> **Exercise**
Starting at the line below with "Elevated Stainless Steel" and stopping at the line with "BUITEN BEELD Foto: 158399", please print each line exactly, those two included, and skip every picture.

> **Provided entries**
------------------------------------------------------------------------

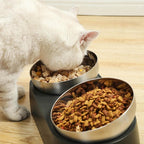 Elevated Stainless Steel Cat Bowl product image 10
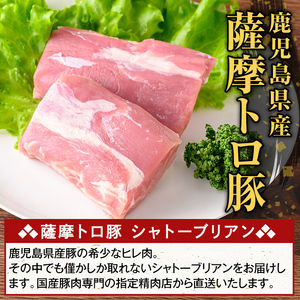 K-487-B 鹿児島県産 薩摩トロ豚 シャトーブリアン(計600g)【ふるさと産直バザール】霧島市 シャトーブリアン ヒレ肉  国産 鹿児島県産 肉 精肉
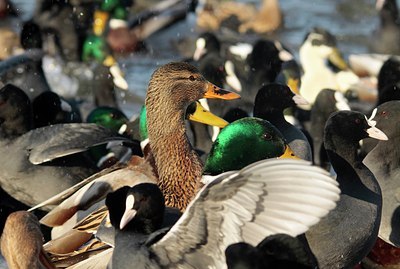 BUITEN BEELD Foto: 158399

------------------------------------------------------------------------

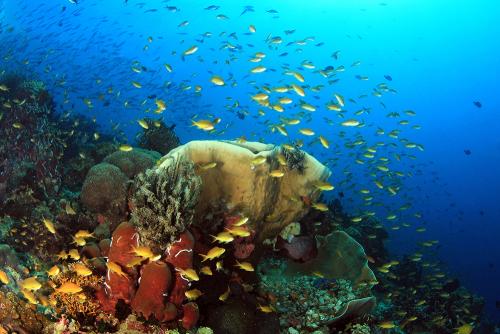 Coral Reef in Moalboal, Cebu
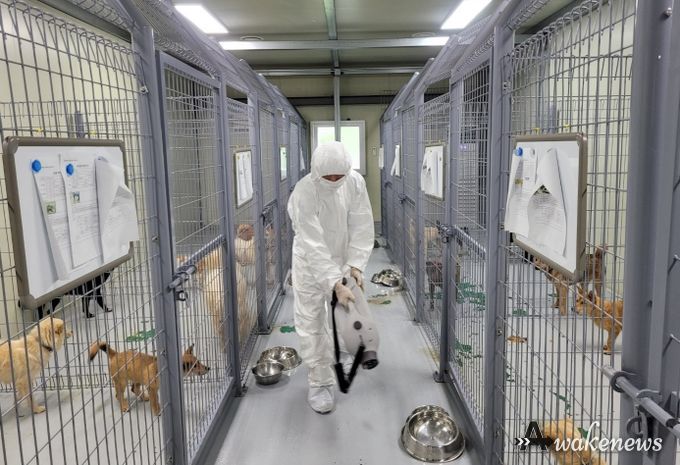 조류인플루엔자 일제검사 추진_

------------------------------------------------------------------------

> **Output of the exercise**
 Elevated Stainless Steel Cat Bowl product image 10
 K-487-B 鹿児島県産 薩摩トロ豚 シャトーブリアン(計600g)【ふるさと産直バザール】霧島市 シャトーブリアン ヒレ肉  国産 鹿児島県産 肉 精肉
 BUITEN BEELD Foto: 158399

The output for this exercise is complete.